(Records from a data source)
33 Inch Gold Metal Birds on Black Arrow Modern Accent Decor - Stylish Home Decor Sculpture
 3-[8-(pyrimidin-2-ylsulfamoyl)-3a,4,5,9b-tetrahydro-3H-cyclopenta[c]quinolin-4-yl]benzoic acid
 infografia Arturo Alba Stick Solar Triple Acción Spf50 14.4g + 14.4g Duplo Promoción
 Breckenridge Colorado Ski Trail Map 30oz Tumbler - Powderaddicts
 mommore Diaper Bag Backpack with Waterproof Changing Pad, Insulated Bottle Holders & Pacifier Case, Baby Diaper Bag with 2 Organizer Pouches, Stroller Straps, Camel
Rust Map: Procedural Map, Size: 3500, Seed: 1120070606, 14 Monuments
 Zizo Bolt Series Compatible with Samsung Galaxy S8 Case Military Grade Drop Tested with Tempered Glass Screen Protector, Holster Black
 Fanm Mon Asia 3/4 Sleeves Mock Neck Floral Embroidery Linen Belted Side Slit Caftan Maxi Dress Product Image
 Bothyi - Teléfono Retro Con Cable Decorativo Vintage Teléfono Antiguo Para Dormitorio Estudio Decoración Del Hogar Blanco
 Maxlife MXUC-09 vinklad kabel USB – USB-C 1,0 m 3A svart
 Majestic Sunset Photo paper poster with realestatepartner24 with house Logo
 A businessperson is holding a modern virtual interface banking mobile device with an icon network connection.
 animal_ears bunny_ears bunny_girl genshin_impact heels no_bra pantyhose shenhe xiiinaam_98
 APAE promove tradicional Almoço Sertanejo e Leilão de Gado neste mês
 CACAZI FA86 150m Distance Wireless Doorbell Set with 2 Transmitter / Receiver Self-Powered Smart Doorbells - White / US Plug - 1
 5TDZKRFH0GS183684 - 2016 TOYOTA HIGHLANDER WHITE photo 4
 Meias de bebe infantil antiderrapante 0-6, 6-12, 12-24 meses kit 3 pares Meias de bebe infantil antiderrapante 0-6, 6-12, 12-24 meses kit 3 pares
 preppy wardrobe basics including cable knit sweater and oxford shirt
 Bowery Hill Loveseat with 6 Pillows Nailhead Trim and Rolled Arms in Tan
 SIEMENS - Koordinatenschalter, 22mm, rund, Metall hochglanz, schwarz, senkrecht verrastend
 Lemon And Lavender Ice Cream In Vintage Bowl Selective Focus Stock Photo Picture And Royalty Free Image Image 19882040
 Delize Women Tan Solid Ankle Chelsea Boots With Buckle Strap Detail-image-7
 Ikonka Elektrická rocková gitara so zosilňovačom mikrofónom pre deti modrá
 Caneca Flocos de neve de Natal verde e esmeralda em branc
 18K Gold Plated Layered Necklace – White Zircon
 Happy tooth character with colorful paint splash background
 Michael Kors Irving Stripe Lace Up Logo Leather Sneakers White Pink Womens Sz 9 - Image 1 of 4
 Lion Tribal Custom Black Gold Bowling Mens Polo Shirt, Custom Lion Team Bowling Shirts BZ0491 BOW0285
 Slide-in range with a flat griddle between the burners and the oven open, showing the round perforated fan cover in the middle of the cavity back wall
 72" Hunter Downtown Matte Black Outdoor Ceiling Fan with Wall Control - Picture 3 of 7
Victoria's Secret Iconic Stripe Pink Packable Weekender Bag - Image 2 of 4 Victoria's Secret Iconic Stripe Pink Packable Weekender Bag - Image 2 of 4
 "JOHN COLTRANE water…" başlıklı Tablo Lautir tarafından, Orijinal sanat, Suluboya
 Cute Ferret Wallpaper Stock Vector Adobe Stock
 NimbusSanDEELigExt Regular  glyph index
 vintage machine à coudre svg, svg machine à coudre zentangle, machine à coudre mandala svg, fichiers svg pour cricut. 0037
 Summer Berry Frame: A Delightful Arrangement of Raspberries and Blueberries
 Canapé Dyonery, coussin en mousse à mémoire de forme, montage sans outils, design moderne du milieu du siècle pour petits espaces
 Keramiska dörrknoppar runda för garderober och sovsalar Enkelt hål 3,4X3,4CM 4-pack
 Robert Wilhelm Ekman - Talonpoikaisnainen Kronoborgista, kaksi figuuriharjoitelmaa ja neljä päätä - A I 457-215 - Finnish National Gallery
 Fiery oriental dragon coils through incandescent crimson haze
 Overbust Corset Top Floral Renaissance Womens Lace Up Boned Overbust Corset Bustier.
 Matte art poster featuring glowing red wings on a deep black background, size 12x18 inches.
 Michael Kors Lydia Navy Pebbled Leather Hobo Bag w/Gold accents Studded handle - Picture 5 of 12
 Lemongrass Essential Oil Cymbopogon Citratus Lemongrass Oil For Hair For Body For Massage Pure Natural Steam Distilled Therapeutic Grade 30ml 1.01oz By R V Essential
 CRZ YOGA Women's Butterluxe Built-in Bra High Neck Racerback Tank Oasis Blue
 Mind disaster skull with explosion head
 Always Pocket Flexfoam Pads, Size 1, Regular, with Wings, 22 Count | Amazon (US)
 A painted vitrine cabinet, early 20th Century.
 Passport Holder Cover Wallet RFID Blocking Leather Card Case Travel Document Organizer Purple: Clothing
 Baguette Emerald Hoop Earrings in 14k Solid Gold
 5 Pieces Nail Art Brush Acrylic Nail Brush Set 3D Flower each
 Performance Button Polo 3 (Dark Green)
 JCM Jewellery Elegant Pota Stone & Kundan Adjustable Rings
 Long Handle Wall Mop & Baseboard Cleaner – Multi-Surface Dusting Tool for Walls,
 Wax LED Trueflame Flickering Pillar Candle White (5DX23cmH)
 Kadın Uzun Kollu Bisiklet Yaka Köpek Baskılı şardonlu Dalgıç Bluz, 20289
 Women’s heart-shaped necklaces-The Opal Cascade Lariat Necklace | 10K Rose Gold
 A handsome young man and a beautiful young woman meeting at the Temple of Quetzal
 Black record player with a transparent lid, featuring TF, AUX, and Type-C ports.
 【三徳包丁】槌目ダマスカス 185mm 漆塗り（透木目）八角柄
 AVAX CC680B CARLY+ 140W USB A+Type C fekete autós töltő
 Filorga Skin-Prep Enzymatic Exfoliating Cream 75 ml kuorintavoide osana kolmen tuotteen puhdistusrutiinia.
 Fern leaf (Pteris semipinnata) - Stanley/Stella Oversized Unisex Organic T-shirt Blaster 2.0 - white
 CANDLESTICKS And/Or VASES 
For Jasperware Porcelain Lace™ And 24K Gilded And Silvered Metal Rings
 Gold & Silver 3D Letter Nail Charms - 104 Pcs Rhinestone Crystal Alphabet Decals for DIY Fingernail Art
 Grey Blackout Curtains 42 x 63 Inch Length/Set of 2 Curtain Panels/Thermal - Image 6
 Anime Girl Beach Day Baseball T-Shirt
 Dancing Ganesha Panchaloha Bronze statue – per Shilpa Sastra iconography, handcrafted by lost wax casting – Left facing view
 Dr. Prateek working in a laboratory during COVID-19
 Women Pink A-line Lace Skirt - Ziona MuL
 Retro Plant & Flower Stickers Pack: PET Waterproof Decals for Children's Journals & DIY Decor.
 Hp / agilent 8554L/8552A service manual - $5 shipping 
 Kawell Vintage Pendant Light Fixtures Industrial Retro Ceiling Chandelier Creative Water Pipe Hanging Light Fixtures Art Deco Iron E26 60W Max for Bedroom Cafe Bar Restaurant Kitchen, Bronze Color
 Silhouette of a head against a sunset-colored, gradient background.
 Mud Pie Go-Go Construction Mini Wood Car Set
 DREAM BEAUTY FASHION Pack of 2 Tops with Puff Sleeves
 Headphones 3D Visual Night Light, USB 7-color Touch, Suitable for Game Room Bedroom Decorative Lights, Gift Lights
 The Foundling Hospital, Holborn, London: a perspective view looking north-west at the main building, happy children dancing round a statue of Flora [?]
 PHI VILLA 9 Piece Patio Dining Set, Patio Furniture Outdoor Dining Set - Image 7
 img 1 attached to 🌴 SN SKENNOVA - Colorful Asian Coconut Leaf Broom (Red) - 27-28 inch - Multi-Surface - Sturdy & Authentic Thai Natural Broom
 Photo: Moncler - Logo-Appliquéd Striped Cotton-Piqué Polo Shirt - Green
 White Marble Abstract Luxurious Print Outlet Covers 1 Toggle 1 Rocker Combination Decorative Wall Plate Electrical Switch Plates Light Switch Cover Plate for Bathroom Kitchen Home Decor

:: Work request ::
The line with "Dr. Prateek working" through the last line of the entries above: output exactly those lines and nothing else.

:: Problem solution ::
 Dr. Prateek working in a laboratory during COVID-19
 Women Pink A-line Lace Skirt - Ziona MuL
 Retro Plant & Flower Stickers Pack: PET Waterproof Decals for Children's Journals & DIY Decor.
 Hp / agilent 8554L/8552A service manual - $5 shipping 
 Kawell Vintage Pendant Light Fixtures Industrial Retro Ceiling Chandelier Creative Water Pipe Hanging Light Fixtures Art Deco Iron E26 60W Max for Bedroom Cafe Bar Restaurant Kitchen, Bronze Color
 Silhouette of a head against a sunset-colored, gradient background.
 Mud Pie Go-Go Construction Mini Wood Car Set
 DREAM BEAUTY FASHION Pack of 2 Tops with Puff Sleeves
 Headphones 3D Visual Night Light, USB 7-color Touch, Suitable for Game Room Bedroom Decorative Lights, Gift Lights
 The Foundling Hospital, Holborn, London: a perspective view looking north-west at the main building, happy children dancing round a statue of Flora [?]
 PHI VILLA 9 Piece Patio Dining Set, Patio Furniture Outdoor Dining Set - Image 7
 img 1 attached to 🌴 SN SKENNOVA - Colorful Asian Coconut Leaf Broom (Red) - 27-28 inch - Multi-Surface - Sturdy & Authentic Thai Natural Broom
 Photo: Moncler - Logo-Appliquéd Striped Cotton-Piqué Polo Shirt - Green
 White Marble Abstract Luxurious Print Outlet Covers 1 Toggle 1 Rocker Combination Decorative Wall Plate Electrical Switch Plates Light Switch Cover Plate for Bathroom Kitchen Home Decor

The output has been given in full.